GOAL OF THE EXERCISE:
Write out only the lines from the line that holds "-东方饺子王(哈西万达店)" to the end of the listing below, inclusive, with the pictures omitted.
Content starts
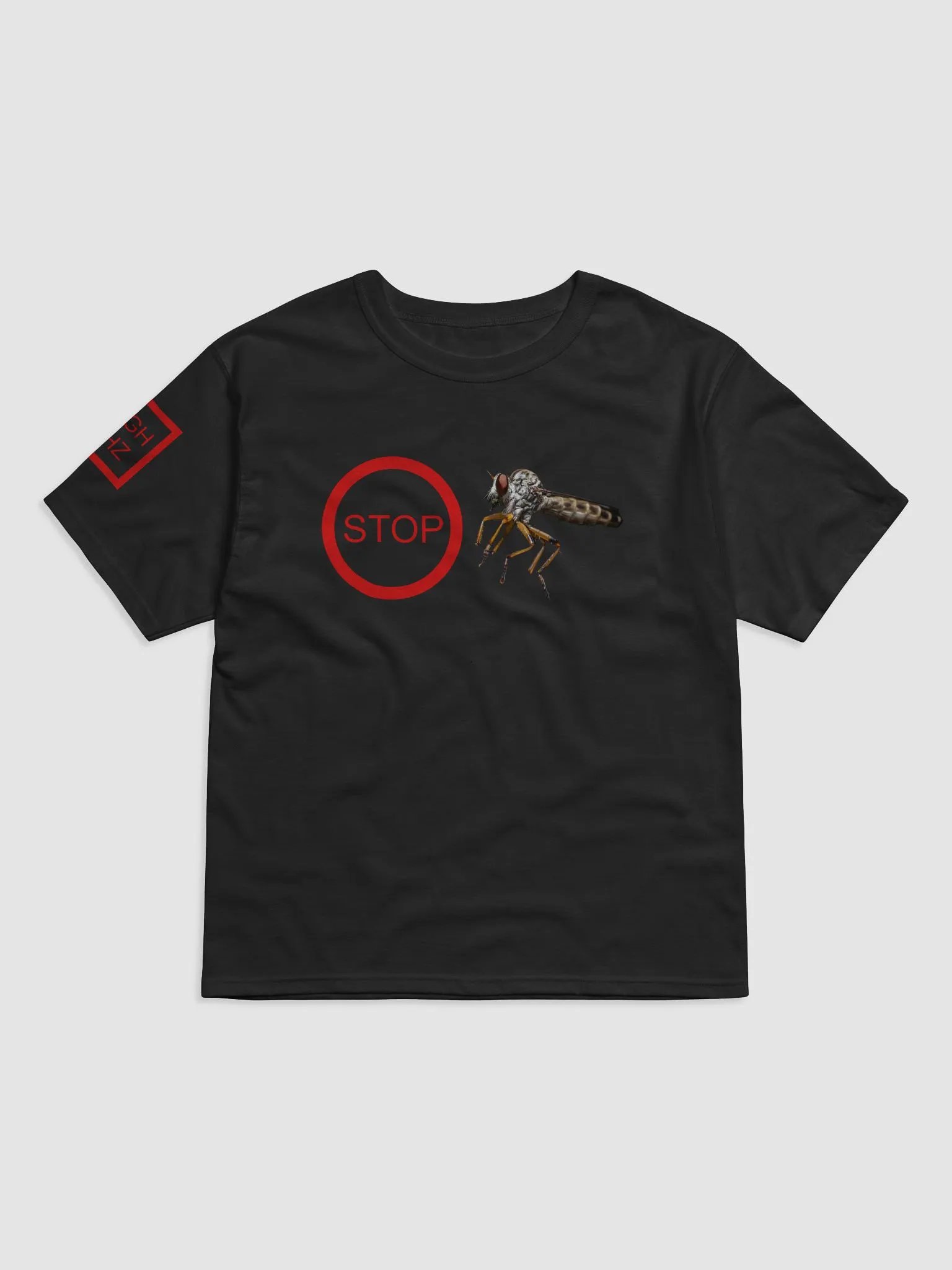 HIGH KHZ T-Shirt product image (1)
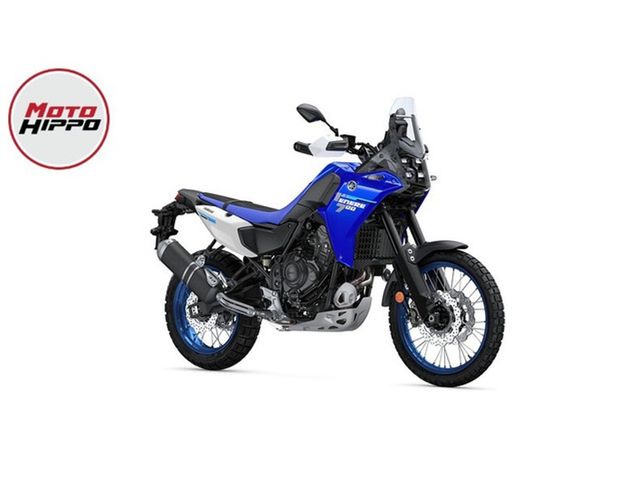 yamaha - tenere-700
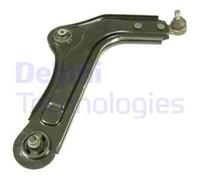 DELPHI Braccio Oscillante Anteriore Destro Per Daewoo Nubira Wagon KLAJ 1.6 16V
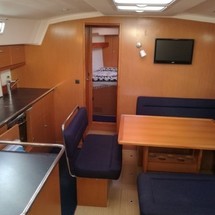 Bavaria 45 Cruiser
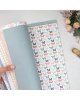 Rita's Diary - Kit Papiers 30x30 - Printemps '25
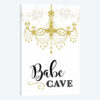 Babe Cave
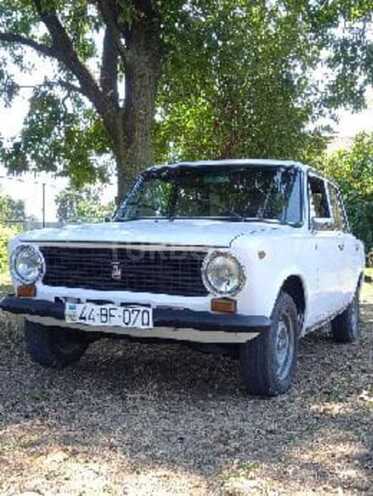 LADA (VAZ) 2101 1979, 89,514 km - 1.6 л - Masallı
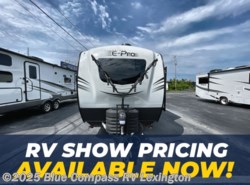 New 2025 Forest River Flagstaff E-Pro E20BHS available in Georgetown, Kentucky
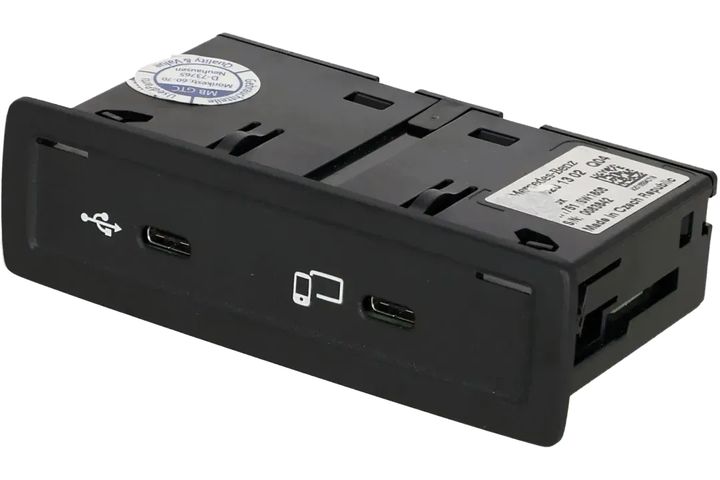 a1678201302   control unit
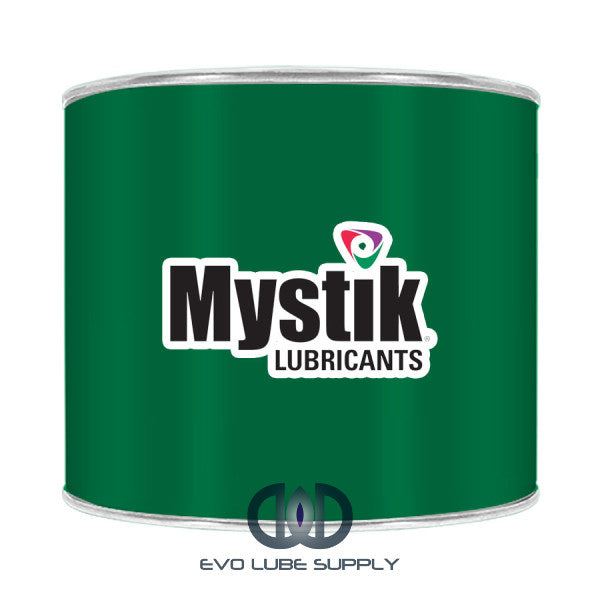 Mystik JT-6 Multi-Purpose (NLGI-2) [7.00-lb./3.18-kg. Can x4] 665006002117 - Imagen 1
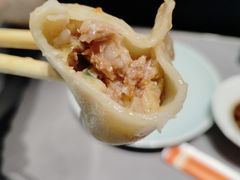 -东方饺子王(哈西万达店)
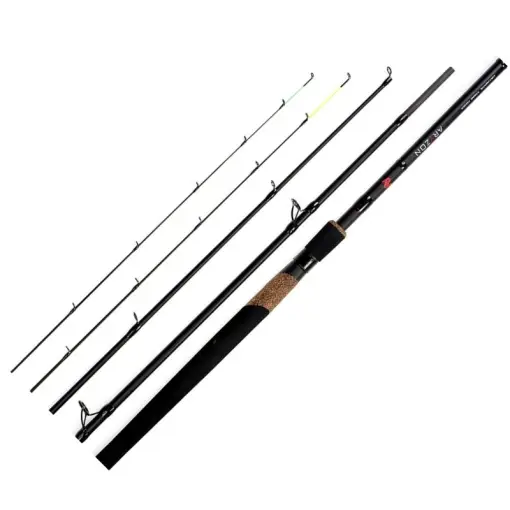 Lanseta Nytro Aryzon Continental, 4.00m, 160g, 3+2 tronsoane Discount
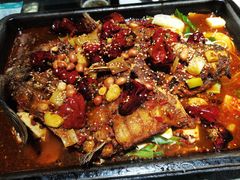 -小巷餐厅(五大街店)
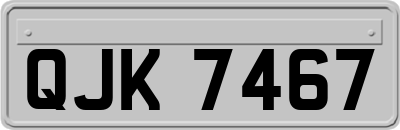 QJK7467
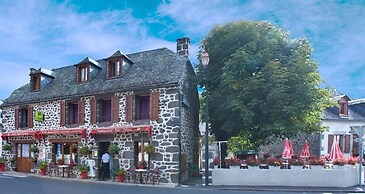 Logis Hotel de la Poste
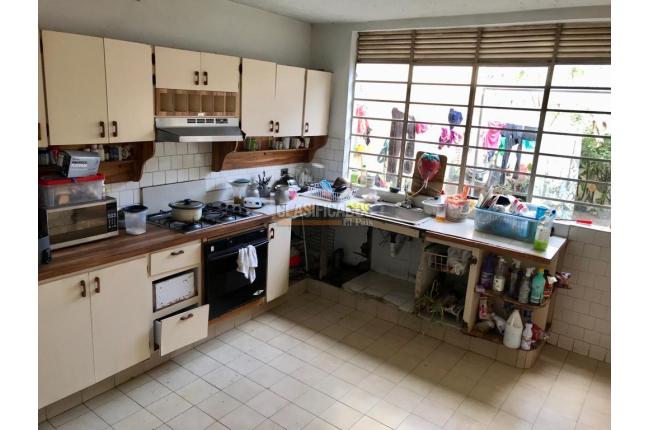 Casas, Venta, Santa Teresita - $800.000.000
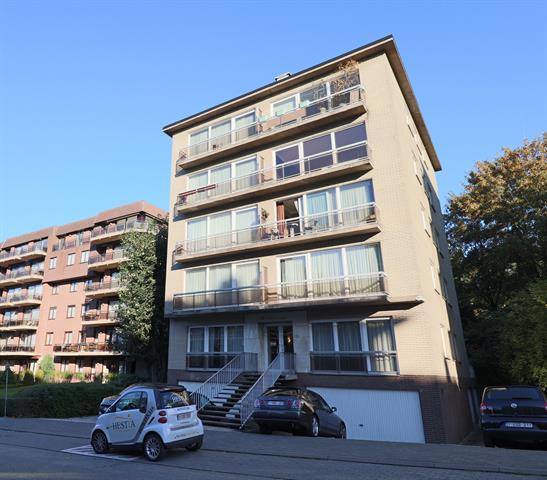 Appartement - te koop - 1853 Grimbergen - #3628289-1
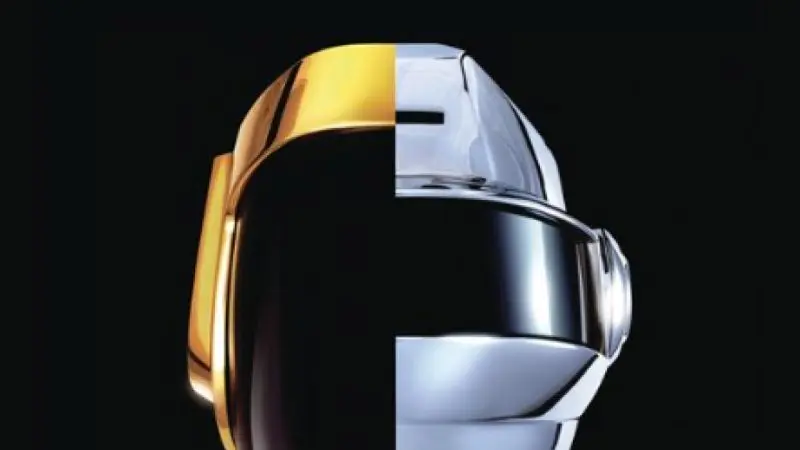 Daft Punk, retirez les casques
Content ends
TASK RESPONSE:
 -东方饺子王(哈西万达店)
 Lanseta Nytro Aryzon Continental, 4.00m, 160g, 3+2 tronsoane Discount
 -小巷餐厅(五大街店)
 QJK7467
 Logis Hotel de la Poste
 Casas, Venta, Santa Teresita - $800.000.000
 Appartement - te koop - 1853 Grimbergen - #3628289-1
 Daft Punk, retirez les casques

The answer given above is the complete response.